Senza dubbio, il senso di appartenenza (che ciascuno di noi esprime innanzitutto attraverso la condivisione del cammino parrocchiale) ci aiuta a far crescere la nostra comunità nella direzione della missionarietà.
Vivere l’appartenenza alla comunità cristiana vuol dire, pertanto, riconoscere in essa la sorgente della propria vita cristiana, l’alimento per viverla, il senso profondo di gratitudine e l’impegno a vivere la corresponsabilità della sua missione, lasciandoci coinvolgere pienamente, secondo i doni ricevuti dallo Spirito e le possibilità umane che abbiamo, impegnandoci a far crescere i più giovani in questa sensibilità.

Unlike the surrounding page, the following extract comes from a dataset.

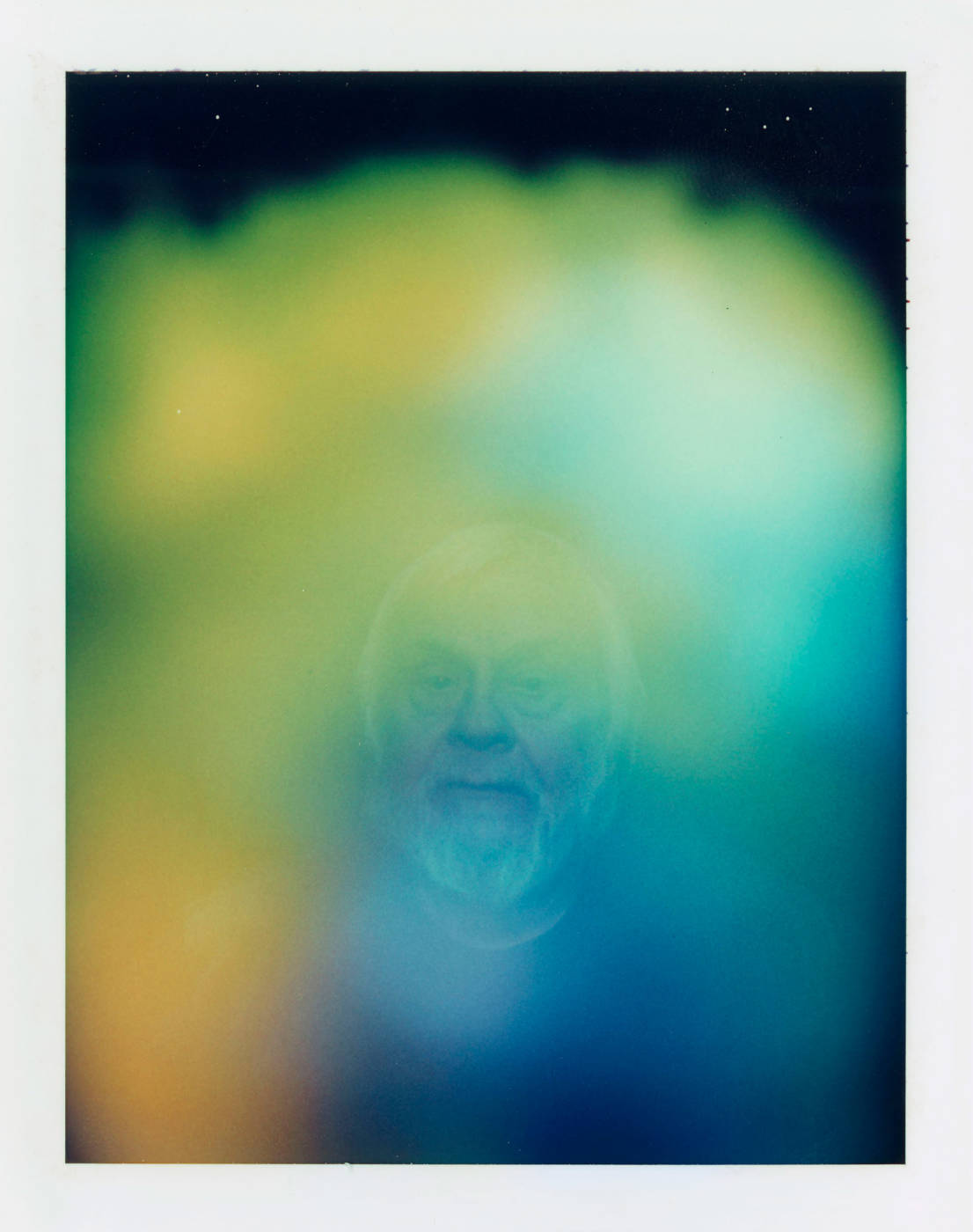 Portrait of man enveloped in hazy gradient color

Non giudichiamo i ragazzi, sosteniamoli
La distanza tra la Chiesa ed i ragazzi è uno dei vulnus maggiori di questo momento storico ed è un “problema” diffuso in tutto le Parrocchie, più o meno evidente in base ai numeri di associati. Le difficoltà del cammino di formazione (quello dell’iniziazione cristiana, dell’Azione Cattolica e delle famiglie) sono evidenti e la diminuzione degli iscritti all’ACR ne è un segno palese e preoccupante: segno che, tuttavia, non deve scoraggiarci nella missione evangelizzatrice e formativa. Dobbiamo evitare le “lamentationes”, ma agire, piantare semi che il Signore farà germogliare secondo i tempi dello Spirito. Per altro, lo ricorda proprio Gesù: «Dove due o tre sono riuniti nel mio nome io sono in mezzo a loro» (Mt 18,15-20).

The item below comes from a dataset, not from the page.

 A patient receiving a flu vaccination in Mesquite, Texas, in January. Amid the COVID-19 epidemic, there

Come è stato ribadito, dobbiamo cercare le motivazioni di questo “allontanamento” e chiederci se i nostri cammini formativi e le nostre relazioni suscitino nei ragazzi (ma anche nelle famiglie) il “sentirsi a casa anche in Chiesa”. Devono sentirsi parte della nostra comunità parrocchiale: parte attiva, parte orante e non solo un bicchiere “vuoto” da riempire e indottrinare. È necessario dar loro fiducia, senza farli sentire giudicati. Se abbiamo sbagliato, allora sarà necessario fare un passo indietro e correggerci.
Più spazio alla preghiera
Don Raffaele ha invitato tutti a dare più spazio alla preghiera comunitaria, in particolare con la partecipazione alla Santa Messa e all’Adorazione Eucaristica, senza dimenticare gli altri appuntamenti che si articoleranno durante l’anno pastorale, come il Rosario meditato di Azione Cattolica il terzo mercoledì del mese.
Purtroppo, è necessario constatare che il problema non è il tempo risicato, ma più che altro la voglia di trovarlo. Pregare in realtà è difficilissimo: “dire” un Padre Nostro è diverso dal recitarlo bene, con il cuore, con la mente, meditandolo anche insieme alla comunità.